Des habitants de la favela dans le parc. Photo : Instituto e Parque Sitiê.

"J’ai commencé en nettoyant la zone tout seul : on me prenait pour un fou"

Mauro Quintanilha, 56 ans, il est à l’origine du projet.

Quand j’étais petit, la favela était entourée d’une magnifique forêt. Puis des habitants se sont installés illégalement sur le terrain. En 2003, la mairie a demandé la destruction de plusieurs de ces habitations informelles, sans ramasser les débris après ! La zone démolie est alors devenue un dépotoir. Pendant une vingtaine d’années, les habitants y jetaient leurs ordures. L’odeur était insupportable.

Je suis allé voir la municipalité à plusieurs reprises, mais personne ne voulait prendre en charge ce problème. J'ai alors décidé de nettoyer seul la zone. Au début, on me prenait pour un fou.

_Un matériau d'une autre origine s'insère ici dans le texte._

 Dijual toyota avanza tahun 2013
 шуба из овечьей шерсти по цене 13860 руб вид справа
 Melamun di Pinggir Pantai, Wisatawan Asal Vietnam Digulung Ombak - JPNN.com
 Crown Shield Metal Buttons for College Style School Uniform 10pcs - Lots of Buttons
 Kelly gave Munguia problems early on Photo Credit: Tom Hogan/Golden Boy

Mon ami Pedro Cesar, un éboueur, m’a aidé bénévolement à vider le parc de ses ordures, en les collectant et en les amenant avec son camion dans une vraie décharge. Petit à petit, d’autres habitants sont venus nous aider. Nous avons aussi organisé des séances de sensibilisation pour que les ordures ne soient plus jetées à cet endroit et mis en place des points de collecte des déchets dans la favela.

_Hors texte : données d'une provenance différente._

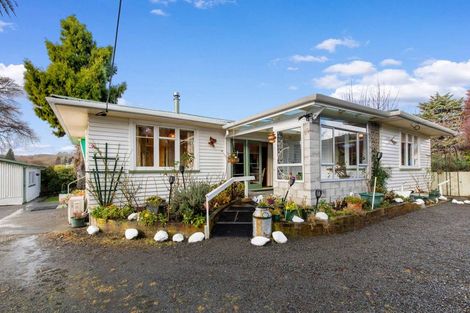 Photo of property in 34 Paraekaretu Street, Hunterville, 4730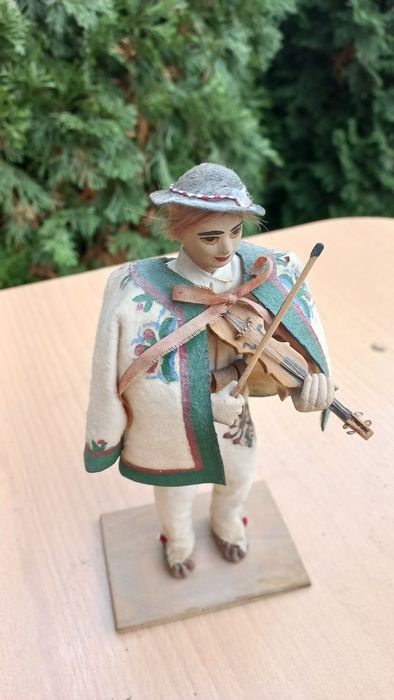 Стара фигура на цигулар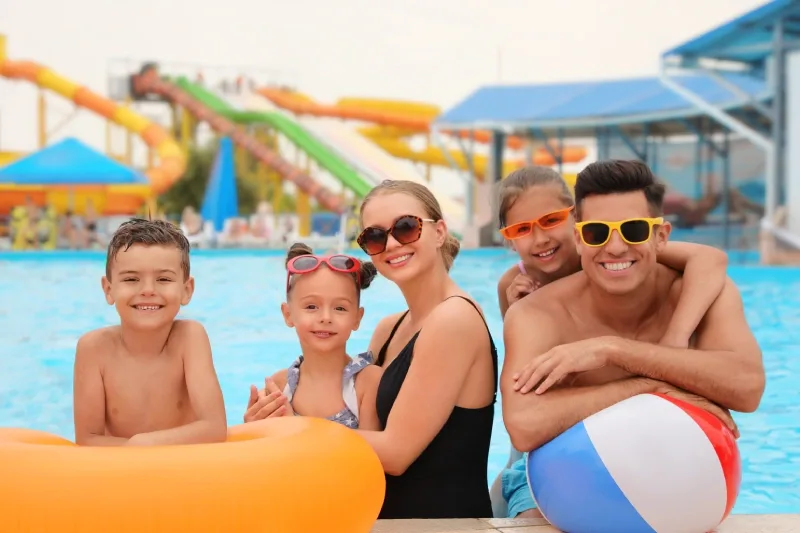 Famiglia in piscina durante il tour Egitto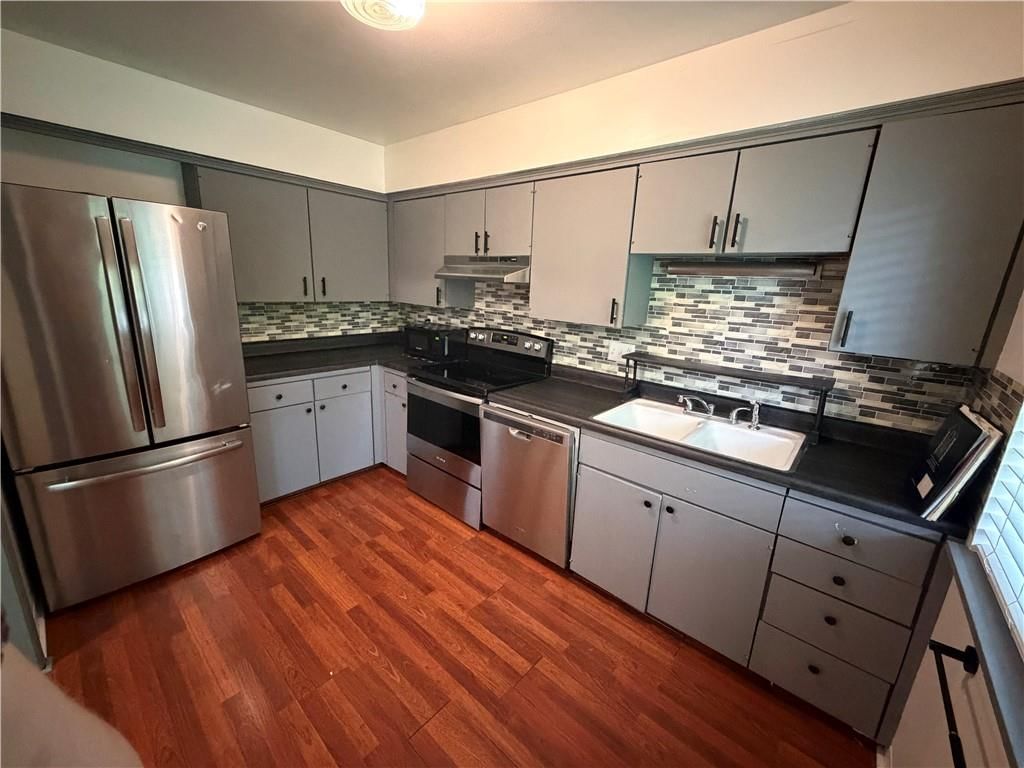 7909 Grandview Street — photo 8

La reforestation, via la plantation d'arbres et de fleurs, nous a permis de redonner un charme à cet espace. Pour cela, nous avons bénéficié de l'aide du Jardin Botanique de Rio de Janeiro, qui a fourni gratuitement des semences. Nous avons également mis en place un petit potager dans le parc, dont les récoltes sont redistribuées aux habitants. Pour cette première partie du projet, nous n’avions aucun financement, seulement l’accord de la municipalité pour exploiter le terrain.

Des enfants dans le parc. Photo : Instituto e Parque Sitiê.

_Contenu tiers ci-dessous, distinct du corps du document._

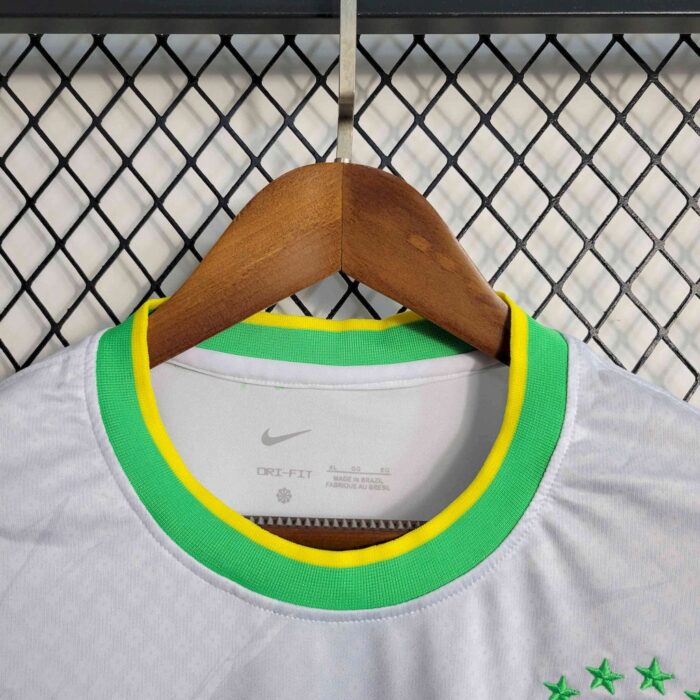 Mens Brazil 2022/23 Pigeon Jersey 8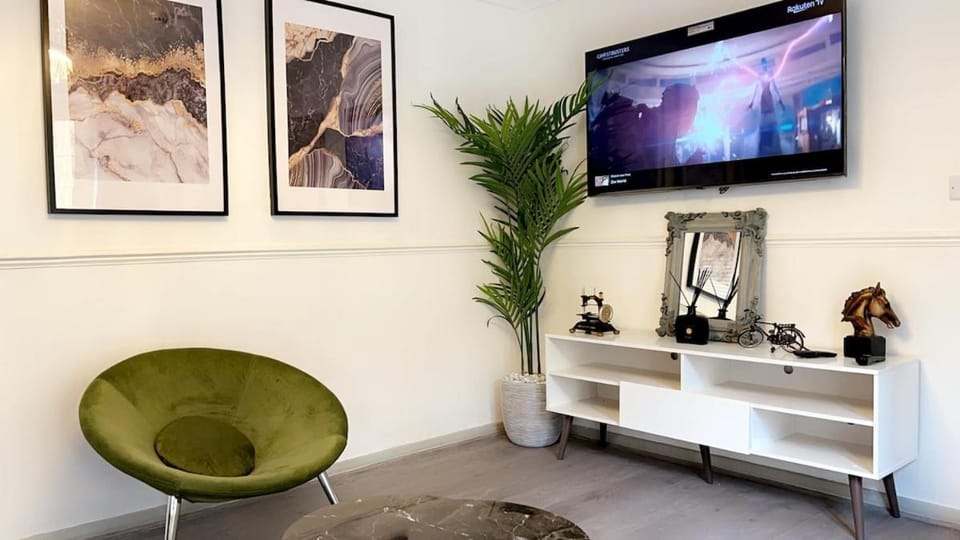 Entire Luxville 5 Bedroom Home House in London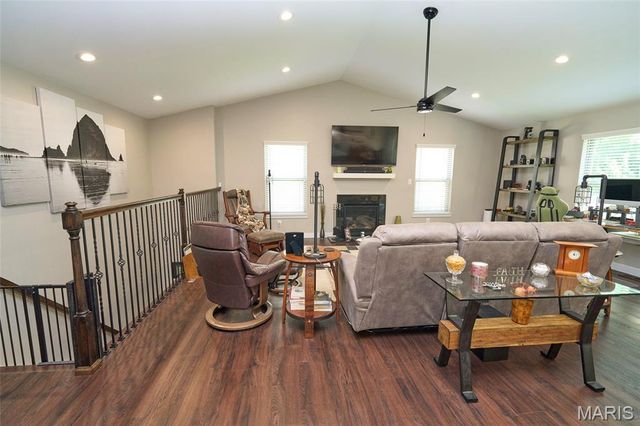 7992 Walker Meadows Drive, Caseyville, IL 62232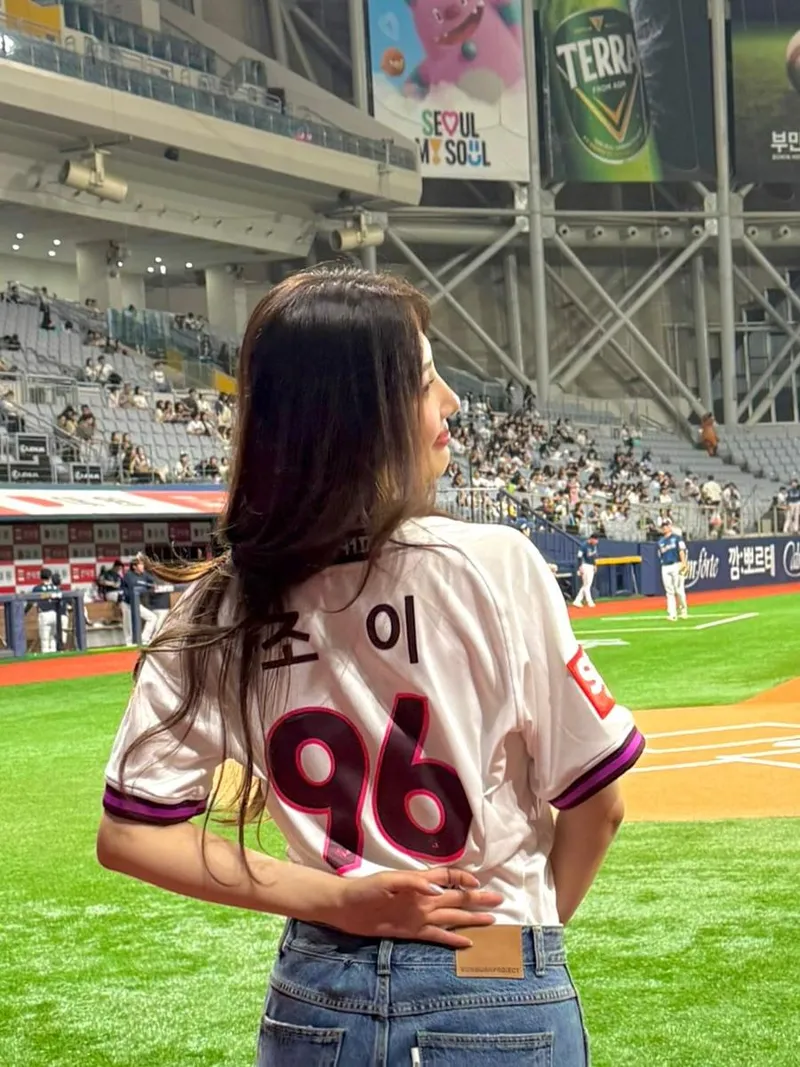 “처음 마운드에 선 설렘”…조이, 야구장 여름밤→잔상 남긴 시구 / 걸그룹 레드벨벳 조이 박수영 인스타그램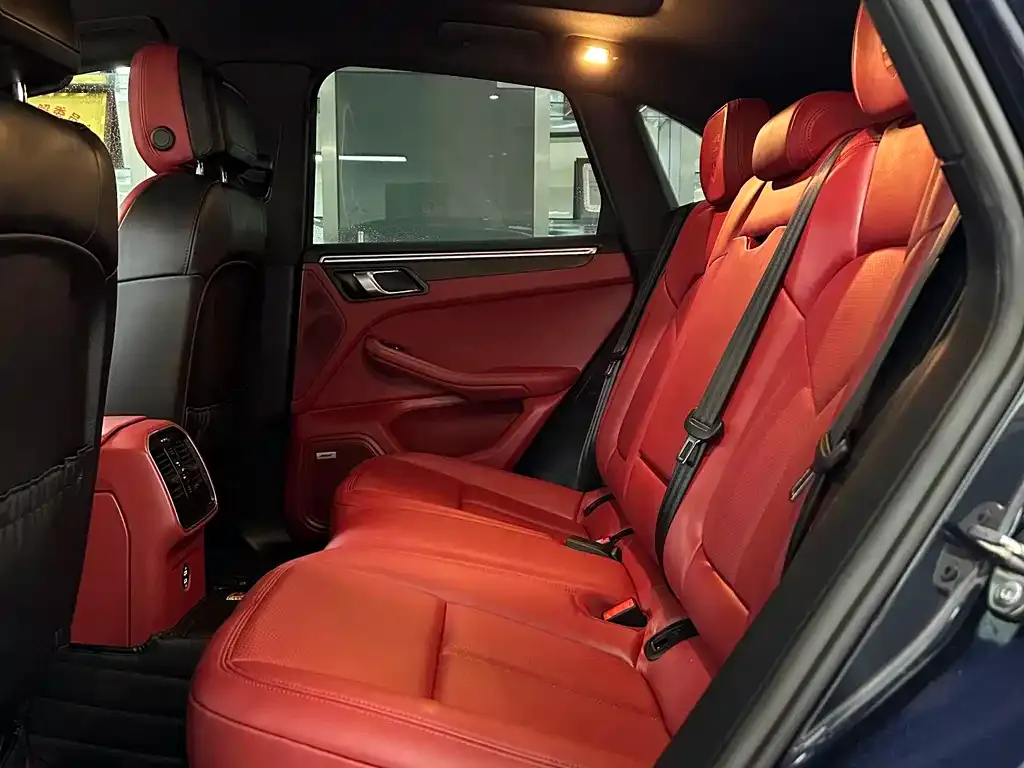 Porsche Macan 2021 из CN, фото 8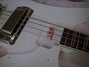 Rickenbacker 4003/4 , White: Close up - Free2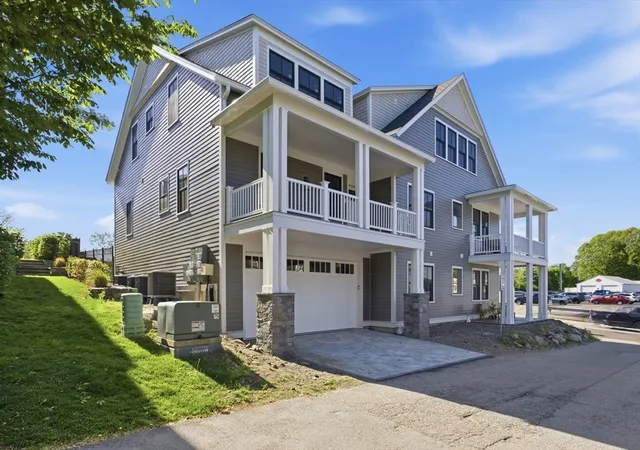 3rd image of 67 Queen St #4C, East Greenwich, RI 02818 | MLS# 73532155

En 2012, le projet sort de l’ombre grâce au sommet de l’ONU RIO+20 où il a été présenté, attirant ainsi de nombreux investisseurs et architectes. Dans la foulée, le site est reconnu par la préfecture de Rio comme la première agro-forêt de la région. Un an plus tard, le projet séduit Pedro Henrique de Cristo, un jeune architecte brésilien qui venait de finir ses études en politiques publiques urbaines à l’université de Harvard. Celui-ci rencontre alors les deux habitants pour leur proposer de réaménager le site et lui donner davantage de visibilité.

Des animations sont régulièrement organisées dans le parc. Photo : Instituto e Parque Sitiê.

"La fréquentation touristique augmente, preuve que l’image du quartier a changé"

Pedro Henrique de Cristo, 33 ans, est originaire du nord-est du Brésil. Il s’est installé à Vidigal en 2013.

L'initiative des habitants de Vidigal m'a impressionné. Je souhaitais leur permettre de développer le projet. Après plusieurs discussions, nous avons travaillé ensemble.

Avec une équipe d'architectes et urbanistes et grâce au financement de fondations privées, nous avons renforcé le côté "écolo" du parc en installant des systèmes de récupération des eaux usées pour subvenir aux besoins en eau des plantations et aménagé d'autres potagers. [Au total, le projet a coûté près de 18 200 euros, financé par la société d'architecture ArqFuturo, l'Insitut PDR, œuvrant pour le développement social, et la Fondation Getúlio Vargas, NDLR].

Nous avons également décoré l'espace avec toutes sortes d'objets de récupération.

"Les habitants cultivent les potagers et s’y approvisionnent, ça a donc permis d’améliorer leur quotidien"

Mais l'objectif était surtout d'intégrer ce parc au reste de la ville pour désenclaver la favela : nous avons dessiné de nouveaux chemins de promenade permettant notamment de relier la favela aux autres quartiers. C'est désormais un espace public ouvert à tous, où ont été installés des bancs et des jeux. Cette réappropriation a notamment permis d'écarter les trafiquants de drogue, qui occupaient le parc.

Quand je suis arrivé, le parc faisait 1 100 m2. En deux ans, il est passé à 8 500 m2 ! La fréquentation touristique augmente, preuve que l’image du quartier a changé. Nous avons également ouvert l’Institut Sitiê pour gérer le parc et organiser des événements autour de la protection de l’environnement.

Les habitants de la favela restent les premiers bénéficiaires du projet : ils cultivent les potagers et s’y approvisionnent, ça a donc permis d’améliorer leur quotidien. De même pour les fleurs, qui sont cueillies et vendues par des femmes du quartier. Le modèle a séduit d’autres pays. Je travaille actuellement sur un projet similaire en Afrique du Sud.